Dreesbach: Thanks for your valuable comment!
Yes, in fact you should spend a few hours on each application, researching what sets the company apart from others, and describing why you (with your unique points) are a good fit for it.
A standard copy&paste application will immediately land in the dustbin, and even grammar or typing mistakes can lead to that. You can only make a first impression once!

Moderated by Bhavna 2 months ago
Reason : Drop an advert in the jobs section please.
We invite you to read the forum code of conduct

Hi all!!
I am looking for a job in Berlin. My previous experience was at
Please, let me know if you can help me by suggestions or direct invitation.
Thank's a lot in advance!!

DerekMeine: Your ex-employer is less important for a job search than what you did there and which skills you gained.
But please don't post these details here - do send them to potential employers!

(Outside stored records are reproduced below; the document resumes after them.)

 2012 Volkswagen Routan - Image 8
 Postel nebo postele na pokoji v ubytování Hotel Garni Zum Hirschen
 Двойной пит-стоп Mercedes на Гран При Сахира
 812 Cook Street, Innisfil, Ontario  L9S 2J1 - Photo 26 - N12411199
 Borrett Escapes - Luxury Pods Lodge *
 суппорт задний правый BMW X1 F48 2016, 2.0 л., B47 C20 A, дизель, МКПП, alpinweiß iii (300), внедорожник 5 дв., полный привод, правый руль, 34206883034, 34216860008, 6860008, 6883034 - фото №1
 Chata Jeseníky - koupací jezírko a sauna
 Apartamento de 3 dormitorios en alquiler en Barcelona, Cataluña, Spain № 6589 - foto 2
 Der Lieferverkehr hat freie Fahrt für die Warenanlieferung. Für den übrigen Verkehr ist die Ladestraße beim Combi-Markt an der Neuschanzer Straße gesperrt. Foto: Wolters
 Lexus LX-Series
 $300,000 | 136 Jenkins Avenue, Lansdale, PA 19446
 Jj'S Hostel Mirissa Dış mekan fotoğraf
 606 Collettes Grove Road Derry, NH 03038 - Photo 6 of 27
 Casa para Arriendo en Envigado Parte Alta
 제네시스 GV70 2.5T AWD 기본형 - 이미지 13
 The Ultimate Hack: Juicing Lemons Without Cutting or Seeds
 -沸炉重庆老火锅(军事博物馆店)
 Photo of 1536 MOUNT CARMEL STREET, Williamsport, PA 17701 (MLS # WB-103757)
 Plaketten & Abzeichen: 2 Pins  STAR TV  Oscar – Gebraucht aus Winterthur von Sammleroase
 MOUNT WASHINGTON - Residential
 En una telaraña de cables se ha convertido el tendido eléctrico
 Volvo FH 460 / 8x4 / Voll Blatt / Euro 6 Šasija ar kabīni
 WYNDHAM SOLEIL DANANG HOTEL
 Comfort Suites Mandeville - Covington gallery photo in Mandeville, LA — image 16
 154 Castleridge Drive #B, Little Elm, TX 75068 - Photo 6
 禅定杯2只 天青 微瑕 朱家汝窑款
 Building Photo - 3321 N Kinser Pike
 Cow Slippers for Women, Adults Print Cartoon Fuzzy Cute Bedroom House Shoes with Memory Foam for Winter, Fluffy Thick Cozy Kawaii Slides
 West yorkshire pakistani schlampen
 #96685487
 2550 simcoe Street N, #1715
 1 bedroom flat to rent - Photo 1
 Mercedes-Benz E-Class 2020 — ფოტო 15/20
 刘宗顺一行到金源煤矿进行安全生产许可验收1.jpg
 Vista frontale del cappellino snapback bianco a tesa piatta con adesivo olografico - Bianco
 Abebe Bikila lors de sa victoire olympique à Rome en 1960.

Hi im a nurse from the Philippines and currently taking up A1 German Languange training.. Anyone could help me find any agency where I could apply.

Danke Schön

Rather than going through an agency, which will never offer you the best possible deal, you should apply at hospitals dorectly.
There is a shortage of nurses, so your chances are good. But you might need better German language skills (B2) and a recognised nursing certificate.

They are currently looking for Filipino Nurses in and around Germany. Should be easy for you to find a job especially that you're already learning A1 too. Will advise you if i find any source. Best of luck!

thank you very much!

Hi Beppi

Did you reside in Germany when you had interviews with the 7 companies? Did you have any skype interviews or do they prefer face-to-face (which is a difficult if one is not in Germany)


I was in Germany during the entire job search period.
Most hiring managers prefer face-to-face interviews, so even if they agree on a first phone screening, you will have to show up in person before a final decision is made.
This might of course reduce the number of invitations you get when applying from abroad.